## Collected data
- Opening Delimiter -

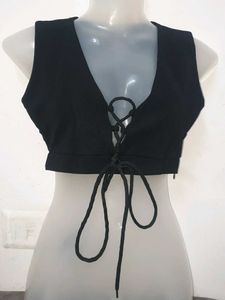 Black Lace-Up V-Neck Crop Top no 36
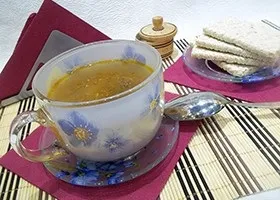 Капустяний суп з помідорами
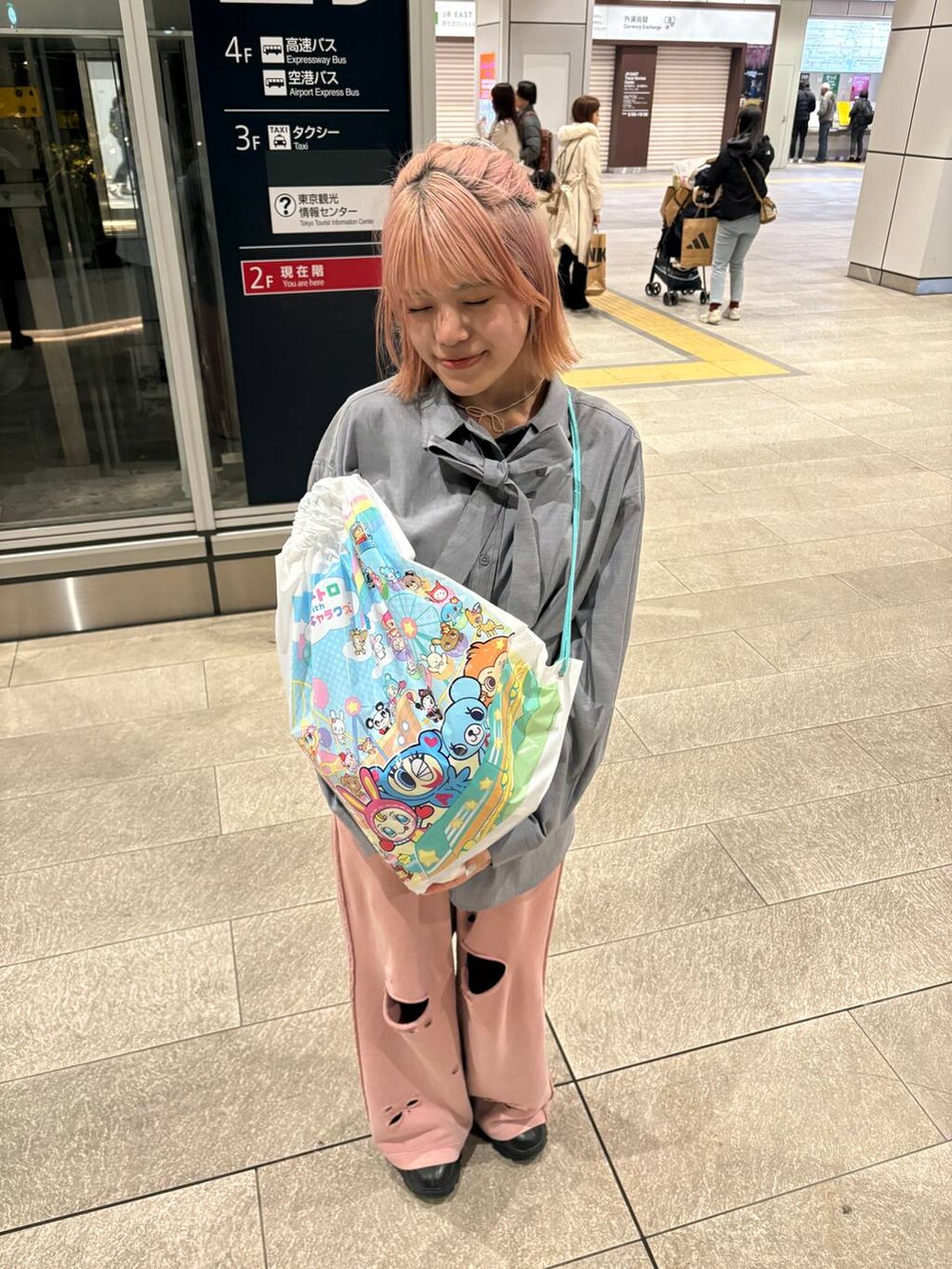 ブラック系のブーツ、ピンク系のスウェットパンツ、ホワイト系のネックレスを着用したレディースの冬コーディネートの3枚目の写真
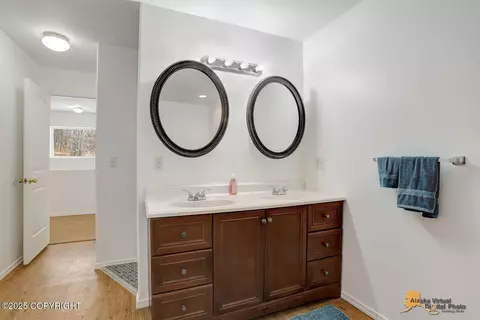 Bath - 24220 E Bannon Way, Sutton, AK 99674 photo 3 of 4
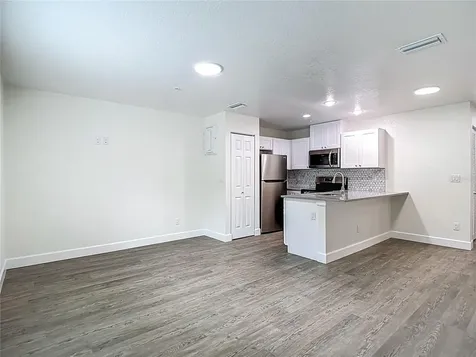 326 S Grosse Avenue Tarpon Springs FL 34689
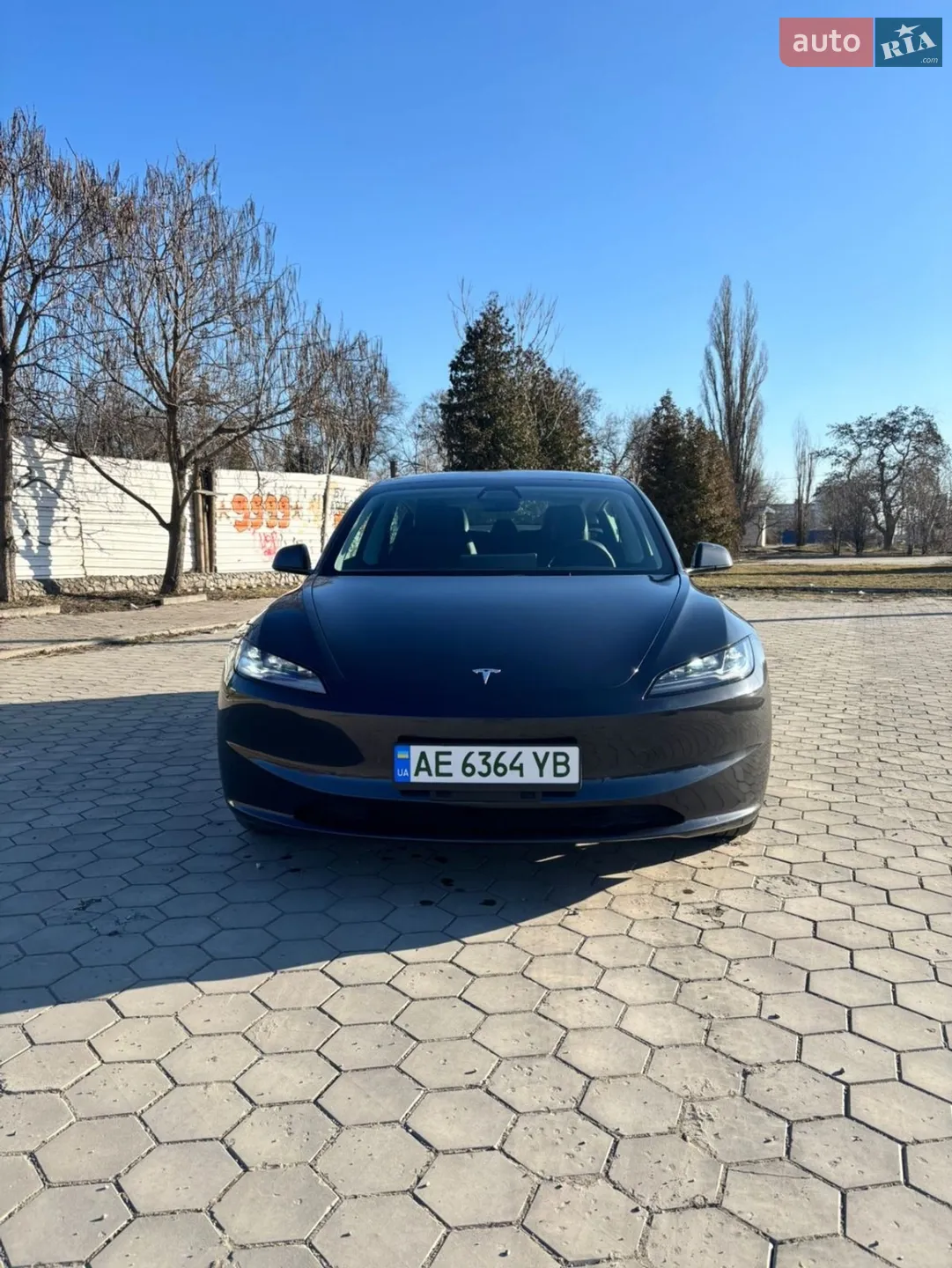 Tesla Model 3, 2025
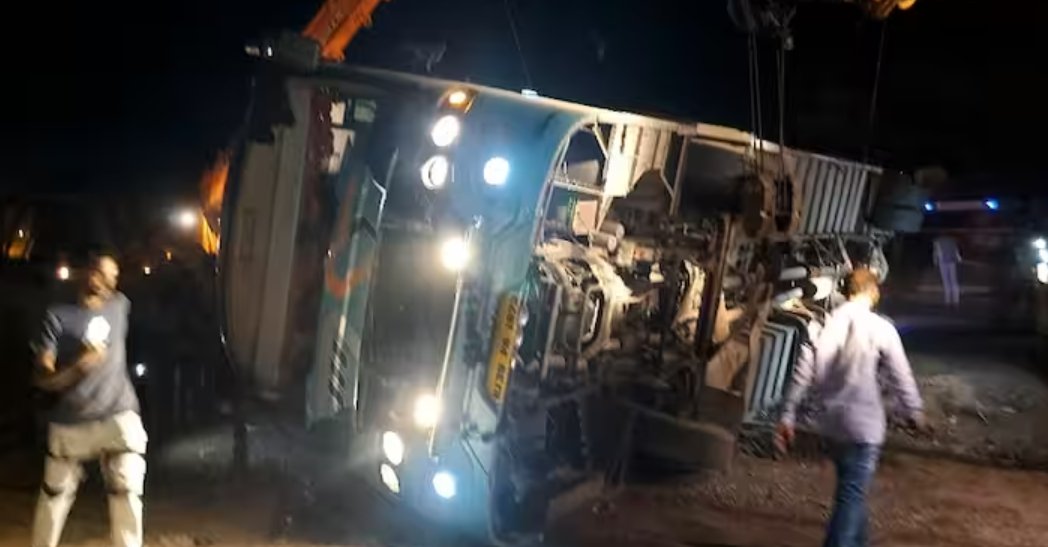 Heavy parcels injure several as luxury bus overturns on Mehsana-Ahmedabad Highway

- Closing Delimiter -

From the line containing "Капустяний суп з помідорами" down to the last line of the data, print every line exactly and nothing else. Pictures stay out of the copy.

## WRITTEN SOLUTION
 Капустяний суп з помідорами
 ブラック系のブーツ、ピンク系のスウェットパンツ、ホワイト系のネックレスを着用したレディースの冬コーディネートの3枚目の写真
 Bath - 24220 E Bannon Way, Sutton, AK 99674 photo 3 of 4
 326 S Grosse Avenue Tarpon Springs FL 34689
 Tesla Model 3, 2025
 Heavy parcels injure several as luxury bus overturns on Mehsana-Ahmedabad Highway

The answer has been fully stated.